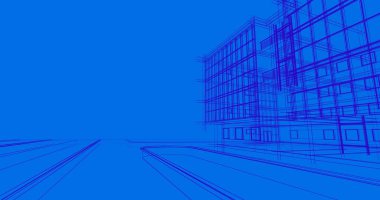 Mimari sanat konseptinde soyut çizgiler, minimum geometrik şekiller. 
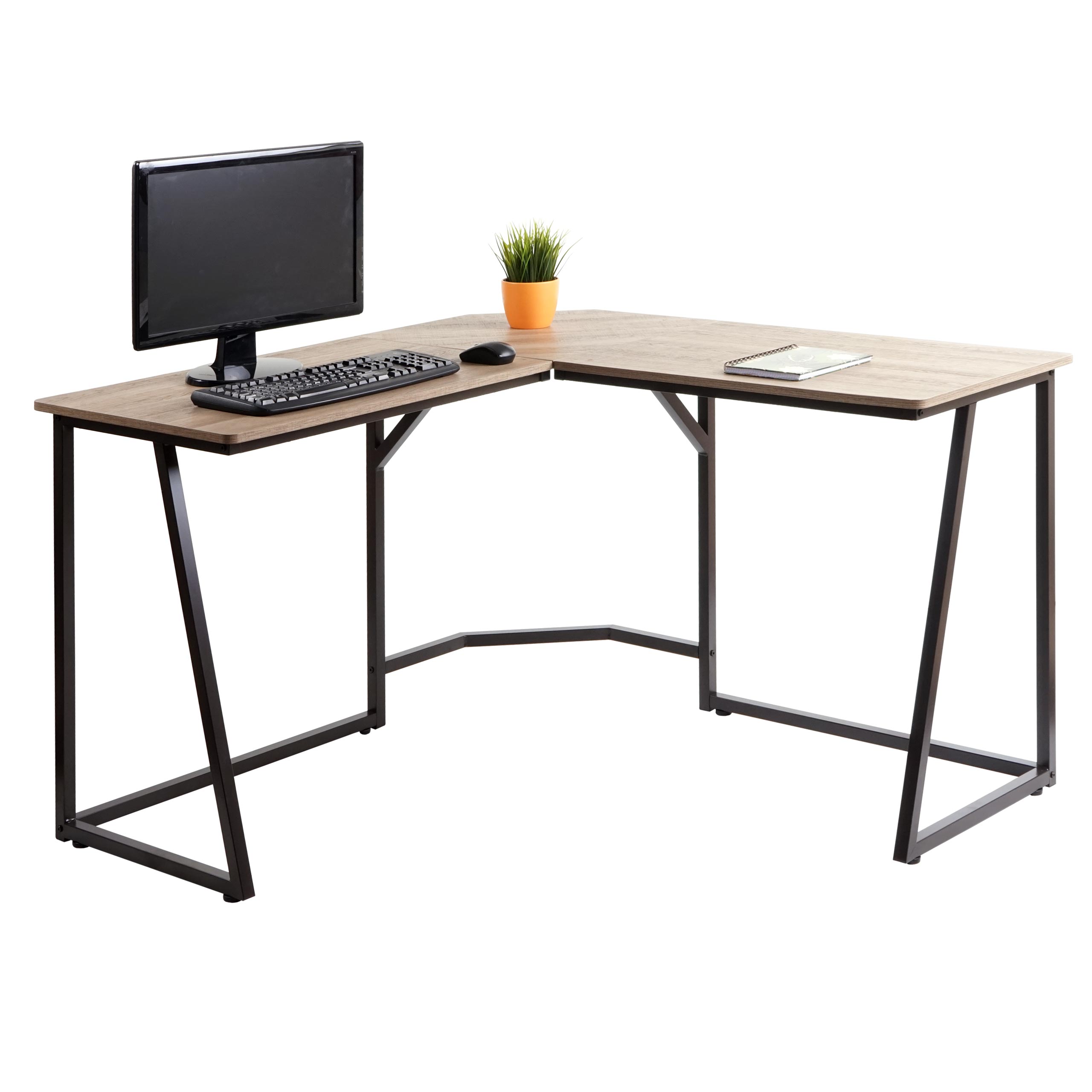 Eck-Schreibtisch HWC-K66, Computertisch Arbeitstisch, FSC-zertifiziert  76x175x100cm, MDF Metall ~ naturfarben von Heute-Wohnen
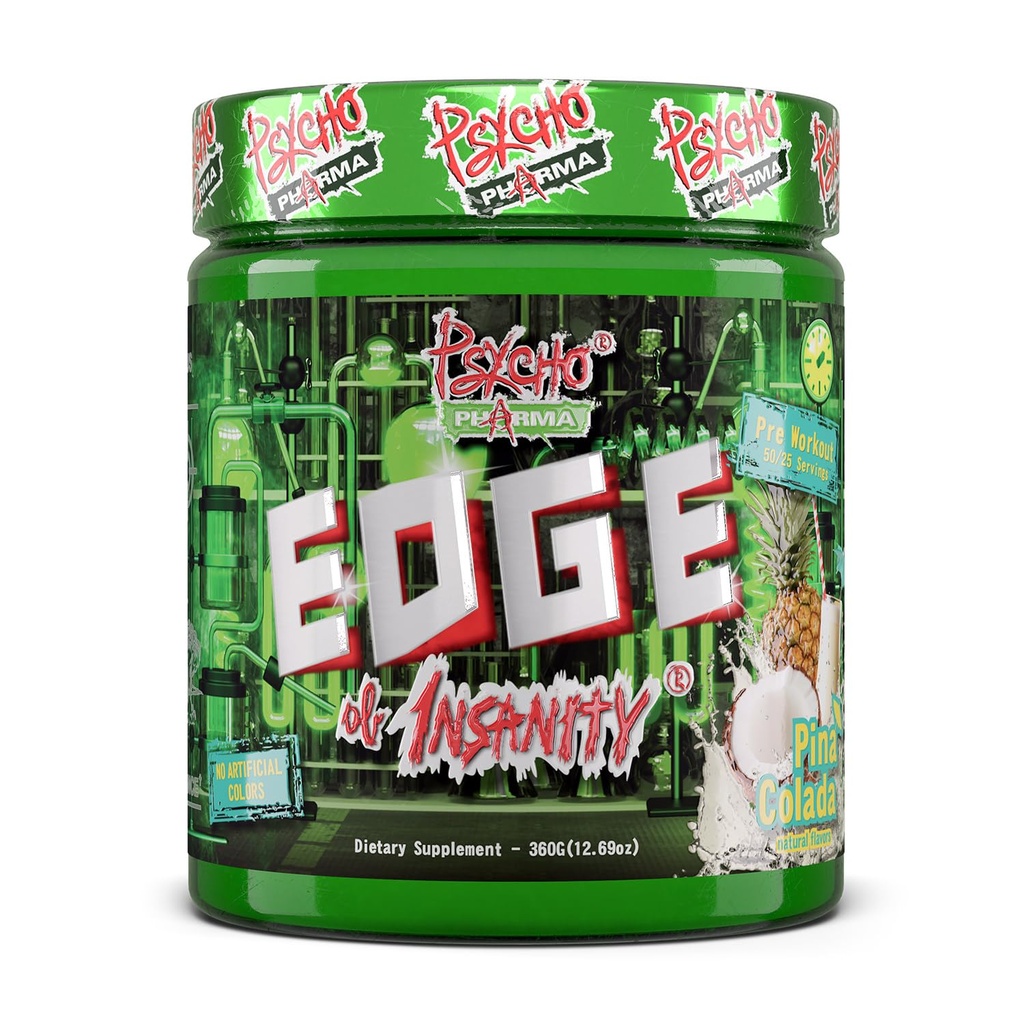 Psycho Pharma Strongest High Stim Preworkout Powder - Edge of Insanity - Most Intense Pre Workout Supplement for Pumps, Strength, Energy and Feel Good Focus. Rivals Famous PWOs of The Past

▶ **Task**:
Could you return the listing above exactly, minus its pictures?

▶ **Solution below**:
 Mimari sanat konseptinde soyut çizgiler, minimum geometrik şekiller. 
 Eck-Schreibtisch HWC-K66, Computertisch Arbeitstisch, FSC-zertifiziert  76x175x100cm, MDF Metall ~ naturfarben von Heute-Wohnen
 Psycho Pharma Strongest High Stim Preworkout Powder - Edge of Insanity - Most Intense Pre Workout Supplement for Pumps, Strength, Energy and Feel Good Focus. Rivals Famous PWOs of The Past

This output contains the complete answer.